Monday, April 28, 2014

The Hills Are Alive



I had the recent opportunity to visit our daughter, Kim, in Austria.  Kim is spending this semester in Gaming, Austria as part of Franciscan University’s study abroad program.  

Kim in her dorm room.  The students live in a former
Carthusian Monastery.  I learned that when the Russians
were here they turned the church into a horse barn.

Kim is majoring in education.  This is a school that she
goes to once a week to help teach an elementary English class.

  Last fall Steve and I had discussed visiting Kim during Parents Week.  At the time we only had one full-time employee and knew it would be impossible for either of us to be gone for a week.  Fortunately for me we added a new employee in April.  I shared with Steve that Kim was asking if I was coming to visit and he was open to discussing the idea of me going to Austria.  Everything fell into place and within a couple of weeks I was off to Austria.

Kim and I spent a day in Vienna before arriving in Gaming.  This was on
my table in my hotel room.  The hotel is part of the monastery grounds.
The Parents Week package included day trips to nearby churches and a concentration camp.  There were many components to my experience that touched me spiritually, emotionally and academically. 
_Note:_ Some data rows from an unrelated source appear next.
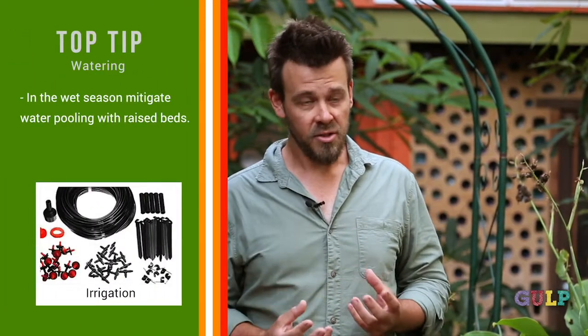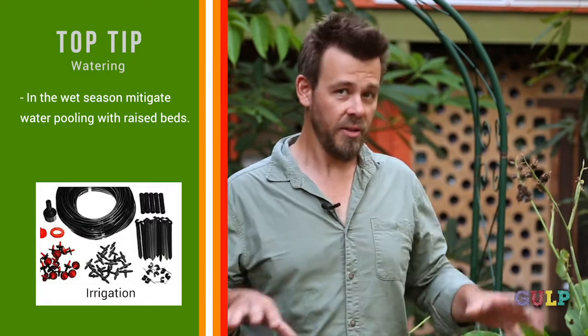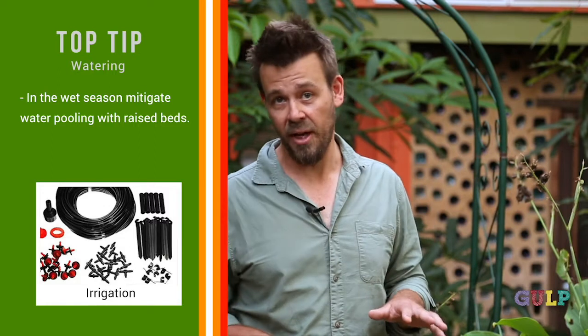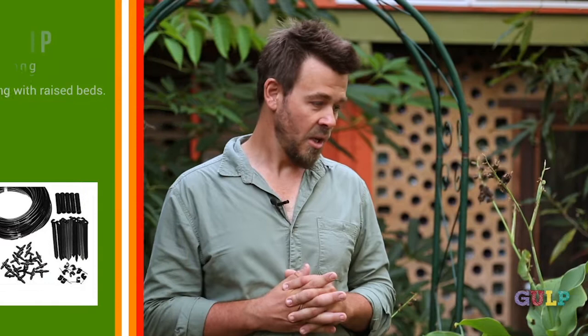Then in the wet season we're dealing with too much water, so we think about design strategies such as raised beds that get us up out of that floodplain area that can form in many yards in Darwin. It's just dealing with those unique sides of the coin that Darwin presents us as food gardeners.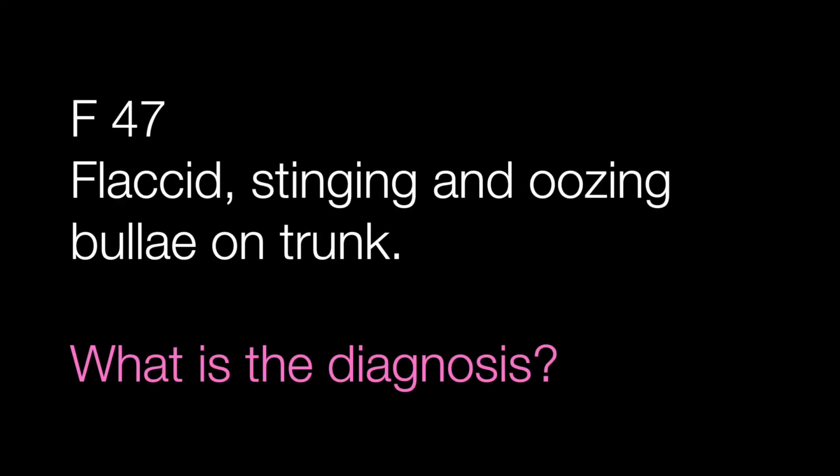Case number three is a skin biopsy from a 47 year old lady with flaccid, stinging and oozing bullae on the trunk. What is the diagnosis?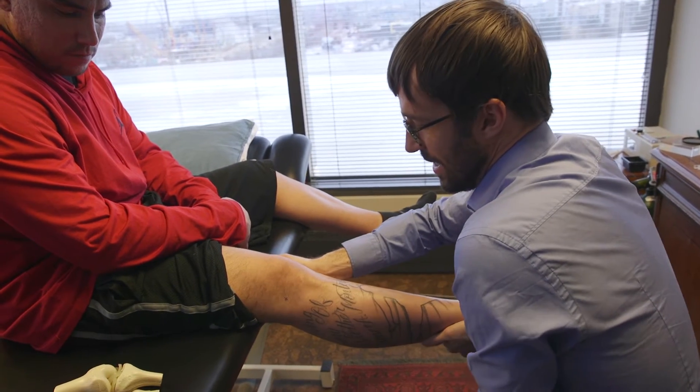I have a patient here today who I've actually never met until pretty recently, but he's a friend of an employee here at the clinic, so I thought he would be a good example. I did have a chance to examine him.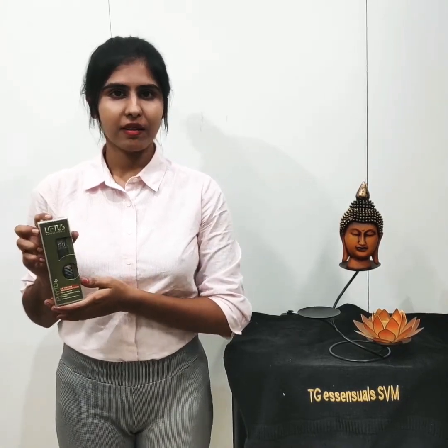This is a cream — Eye Contour Cream. So how do you use it? Daily, morning and night. If you use it morning and night, the result is 100%.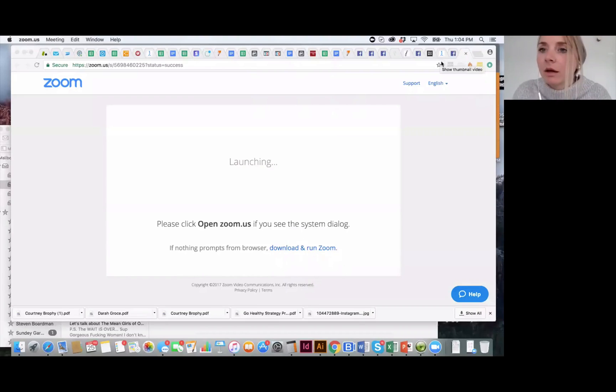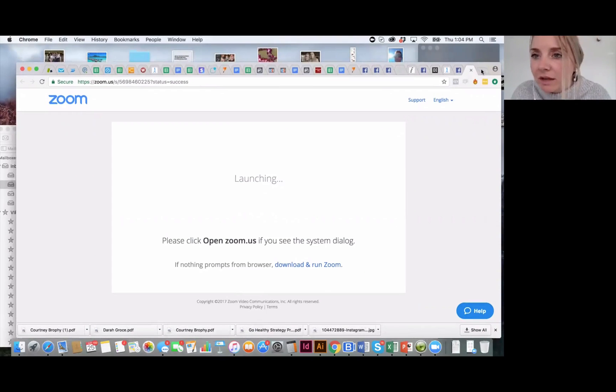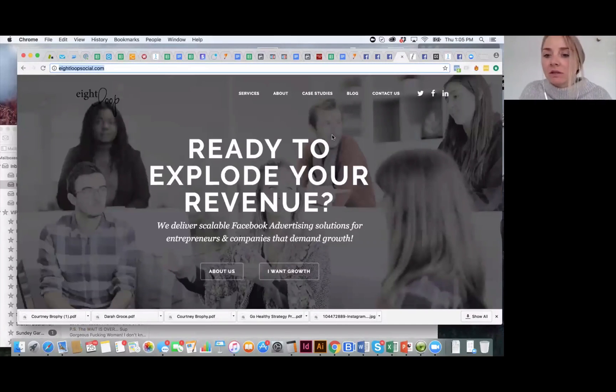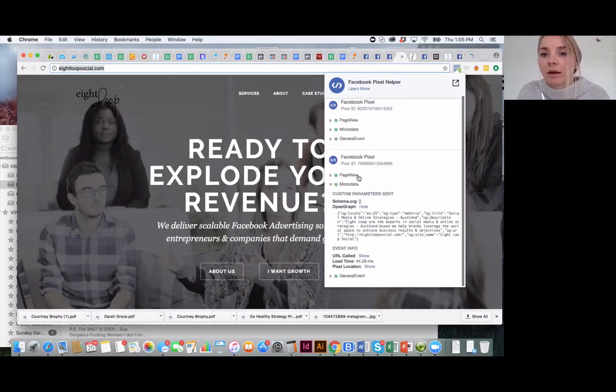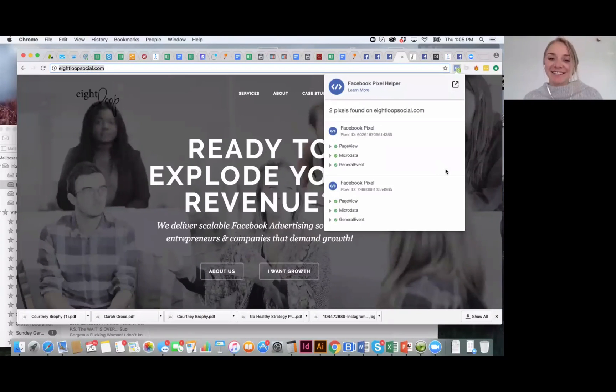I'm going to share my screen now. Can you guys see my screen? Okay, awesome. So I'm going to pull up a website — this is the Eight Loop Social website. One of the things you may have noticed is something slightly new with the pixel. Essentially, what you'll see now is there's an event called microdata that has been added to the pixel.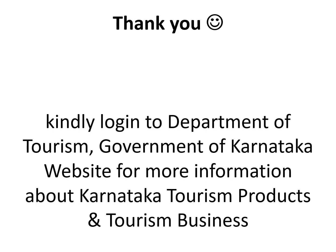Thank you. Kindly login to the Department of Tourism, Government of Karnataka website for more information about Karnataka tourism products and tourism business.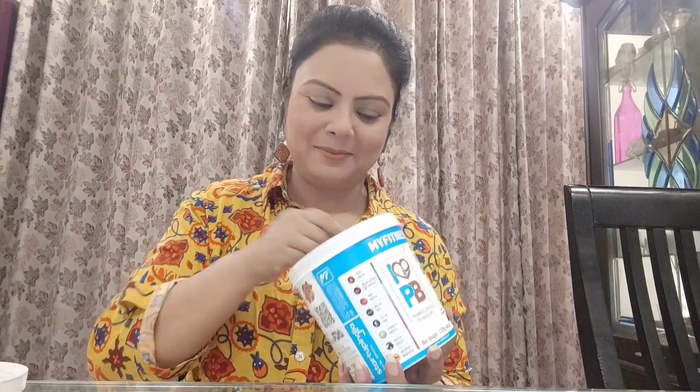I told you that I am using it regularly. I feel like it supports a health-friendly diet. When I'm hungry, I take a little peanut butter and eat it. My Fitness Peanut Butter is like a staple for me and my family.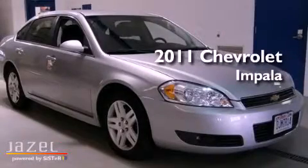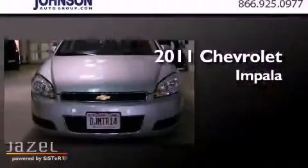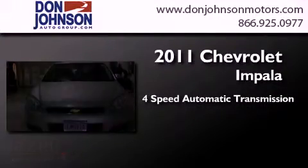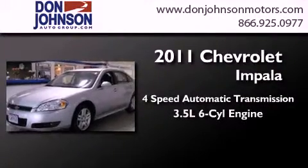This is a 2011 Chevrolet Impala. This four-door sedan has a four-speed automatic transmission and a 3.5-liter V6.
It's hard to capture the beauty of Melk Monastery as well
as other churches we were in.  Even more difficult is the
ability to share the spiritual experiences I was blessed with.
Our group traveled in a small bus each day to the different towns and then back to Gaming each night.  We were able to admire the countryside from the bus’s large windows.  The rolling hills were breath taking with the foot high wheat fields, perfectly trimmed hedges and flowering Pear trees.  Every farm was neatly kept as well as the yards in each town we went through.  Another parent and I started to wonder if there were any Austrian’s with a messy yard or a junk pile in the trees.  
 
My best window shot from the bus.  I am hoping to get more
pictures from other parents that were on the trip.
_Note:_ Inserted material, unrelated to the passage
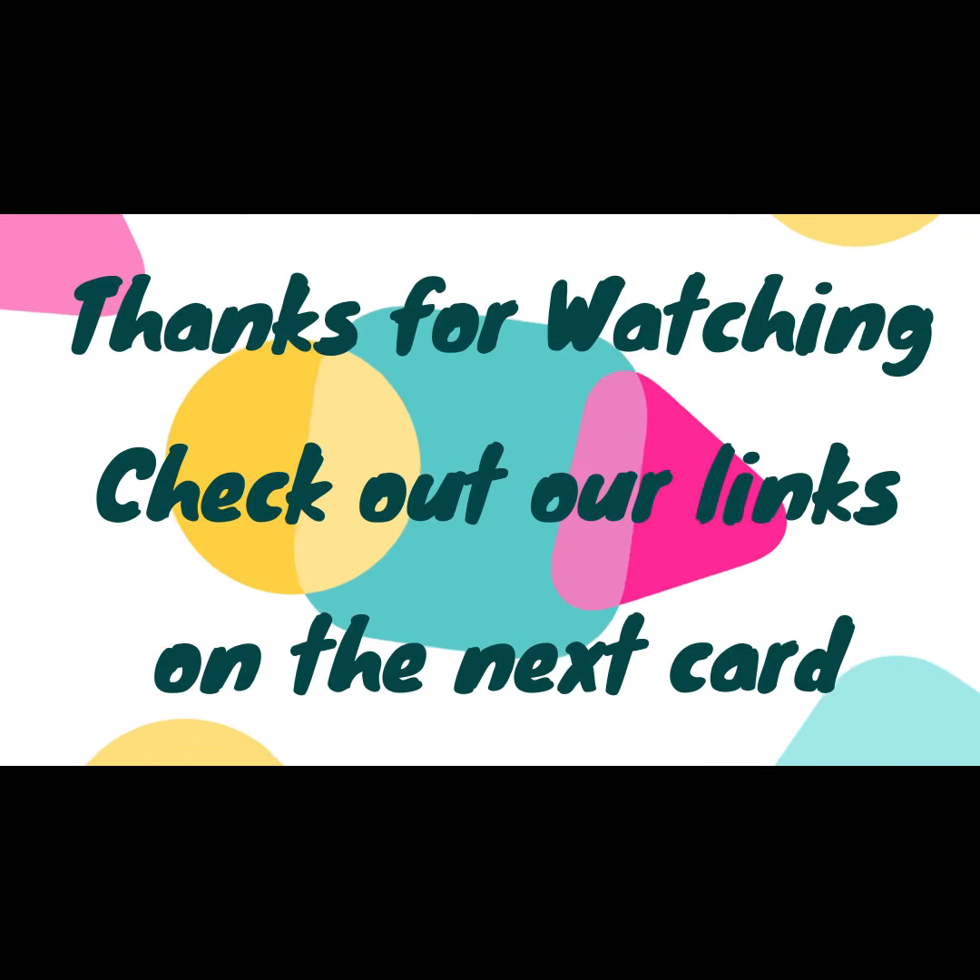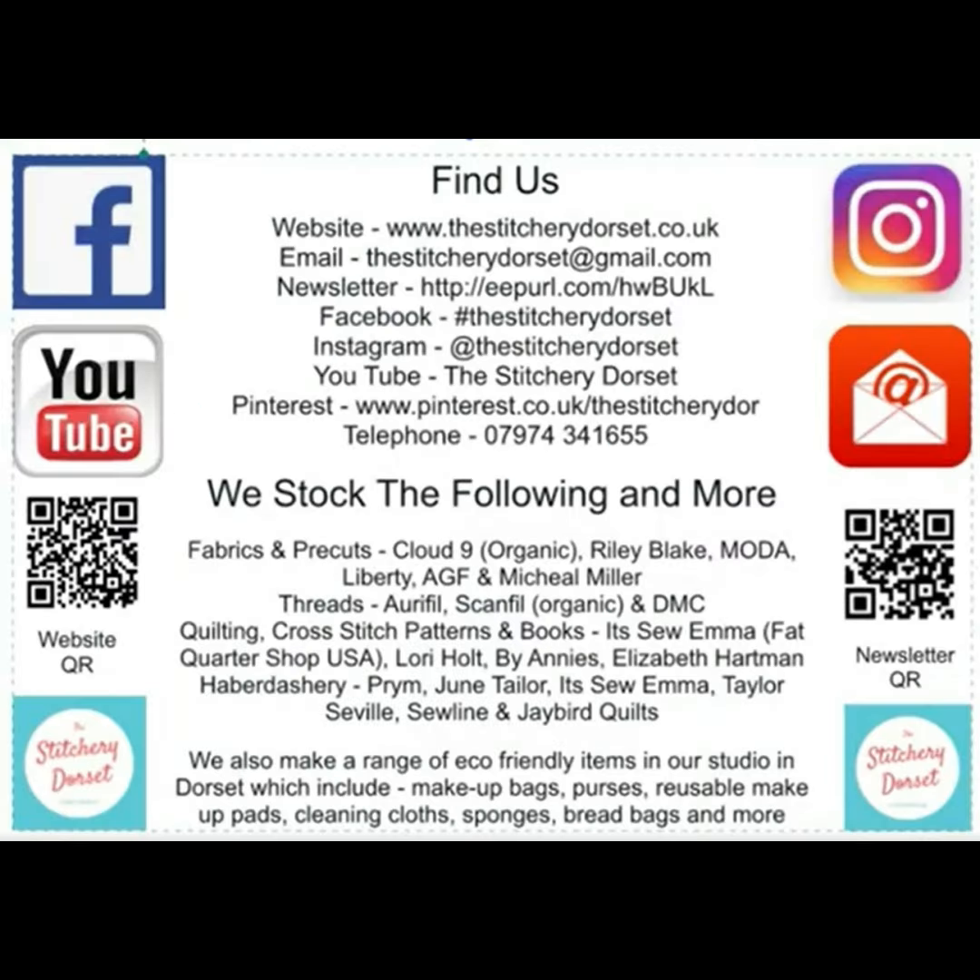Thank you for watching. Check out the end page for our links. I'll see you next time.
We also saw numerous rows of stacked wood and they were perfectly straight.  Kim informed me later that the students were told never to take wood from those stacked piles as they belonged to someone else.
I asked a few locals about the tidiness whenever I could.  The response was the same, “it’s an Austrian thing”.  In Austria the people take great pride in keeping their yards and farms neat.  A young woman from Vienna shared with me that the junk is sometimes be stored inside the barn as well as the cows and machinery.  She looked surprised when I commented that I didn’t ever see a tractor or implement sitting outside. 
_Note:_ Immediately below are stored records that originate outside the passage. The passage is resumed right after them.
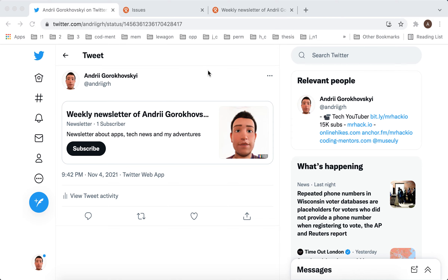Hey everyone, so Revvue just released this feature. Now you can add a link to your Revvue newsletter in tweets, not just in your Twitter profile, and then you can just subscribe with one click. So that's super cool.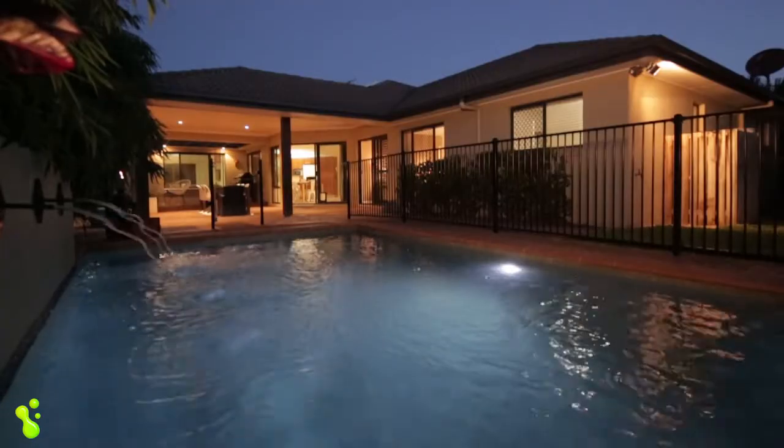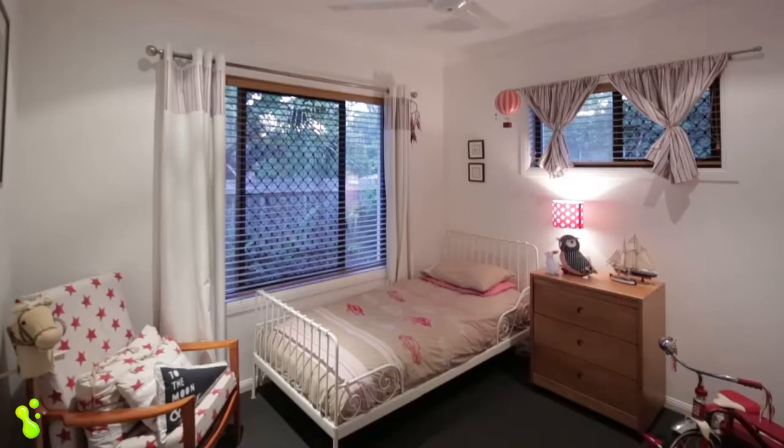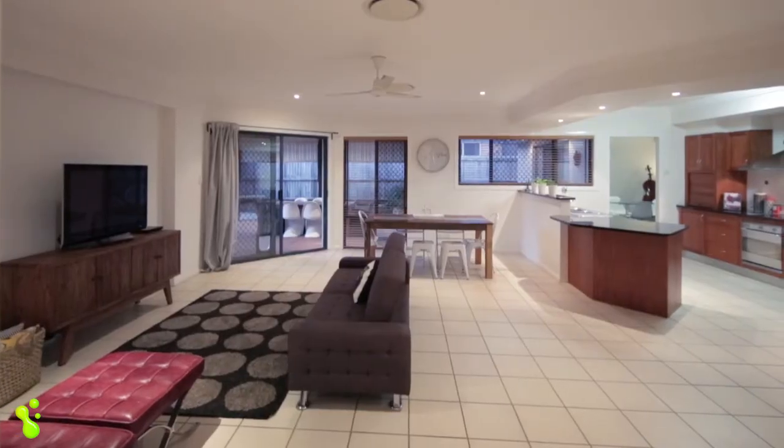Boasting a huge master suite that overlooks the pool, complete with walk-in robe and ensuite, plus four other generous bedrooms — all with ducted air, nine-foot ceilings and fans in every room — you'll stay perfectly cool all summer long.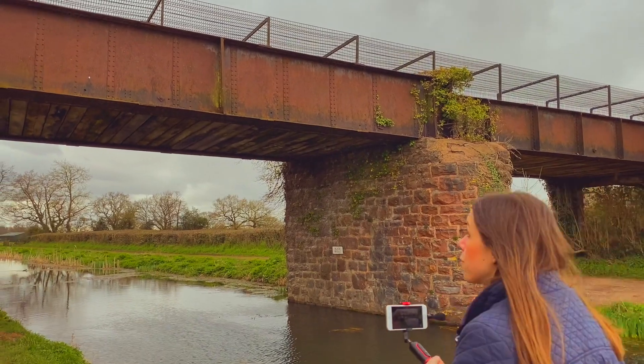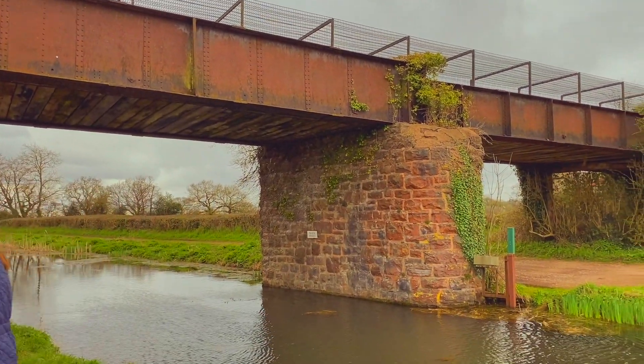We're on the Grand Western Canal and behind me is Foss End Bridge, so we're getting towards the end of the canal. We're going to take a bit of a detour up a disused tramway which is now a public footpath.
I love taking pictures of food.  This was an excellent
dinner of  braised beef in vegetable-root-cream and
bread dumpling with homemade cranberries.
 The cleanliness of Austria really hit me again when our 4-H Club was picking up trash along a highway near Dodge.  Every year we gather trash on a total of four miles of highway.   We usually collect at least a dozen very large garbage bags of trash.   Most of the trash consists of aluminum beer cans.   I wonder why we can’t have an American thing of respecting our environment enough to stop littering.  

Our highway clean up crew!
Our own hills in Nebraska are alive with green grass, flowering ornamental trees and flowering spring bulbs.  It is important to me that we each do what we can to leave the world better than we found it.  When it comes to something as simple as littering maybe we can utilize the popularity of owl décor we can bring back the slogan “Give a hoot, don’t pollute”.